# I was not expecting this.



## nolongerlove (Aug 15, 2011)

Hello, all! 

I am a 32 year old woman, married for just under 2 years. We have been together for 5.

When we got married we had a lot in common. At 30, I didn't expect myself to change all that much, but I did. Over the last year, I have grown apart from my husband considerably. We haven't had sex in a year (I try, he declines.)

When we got together, I had focused my life (thanks to some huge, awful, life events) on just simple, every day life. Prior to that, I had many hopes and dreams and wound up putting them away for fear of losing it all again. We had a lot in common - from music, to ideas, to sense of humor. And now, there's nothing. My tastes in music, movies - everything, really - has changed. We don't have anything to talk about. 

While this surely isn't the worst thing in the world, what makes it difficult is that he not only doesn't share things with me, he doesn't encourage me, either. I want to travel, and go out and do things, and enjoy my life. He insists that "we can't" because of money.

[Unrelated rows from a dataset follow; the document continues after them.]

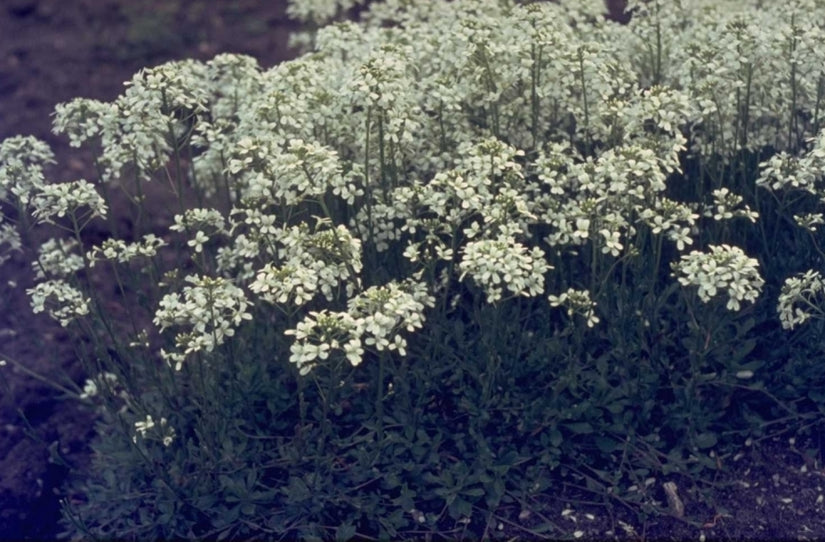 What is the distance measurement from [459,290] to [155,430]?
4.44 feet

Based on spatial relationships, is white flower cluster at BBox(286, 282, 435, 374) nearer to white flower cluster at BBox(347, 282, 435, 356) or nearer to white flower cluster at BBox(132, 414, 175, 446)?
white flower cluster at BBox(347, 282, 435, 356)

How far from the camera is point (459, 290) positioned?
14.1 ft

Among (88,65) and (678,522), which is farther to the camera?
(88,65)

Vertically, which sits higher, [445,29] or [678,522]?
[445,29]

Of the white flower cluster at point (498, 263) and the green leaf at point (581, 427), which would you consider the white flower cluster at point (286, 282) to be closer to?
the white flower cluster at point (498, 263)

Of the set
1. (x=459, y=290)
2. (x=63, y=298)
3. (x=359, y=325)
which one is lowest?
(x=459, y=290)

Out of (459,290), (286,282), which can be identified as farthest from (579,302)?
(286,282)

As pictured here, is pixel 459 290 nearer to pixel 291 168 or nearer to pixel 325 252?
pixel 325 252

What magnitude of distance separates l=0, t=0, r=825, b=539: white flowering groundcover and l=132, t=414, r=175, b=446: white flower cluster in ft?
0.04

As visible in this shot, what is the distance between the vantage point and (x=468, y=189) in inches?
142

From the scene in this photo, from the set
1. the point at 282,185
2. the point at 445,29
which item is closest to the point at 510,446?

But there's always enough money for things he wants. 

I feel like we are living two separate lives. I do almost everything on my own because we can't agree on anything to do. (And yes, I have tried going and doing things he likes even if I don't, the favor is not returned. Or if it is, he complains the ENTIRE time.) In fact, it feel like if we got divorced, the only difference in my life would be the extra money he provides. 

I feel as though I am dragging him a long with me. It happened REALLY fast, and we have had millions of conversations/arguments/fights over it. I grew up and he didn't. I am becoming bitter. I no longer do nice things. Everything I do is out of obligation instead of desire. And I hate feeling this way. 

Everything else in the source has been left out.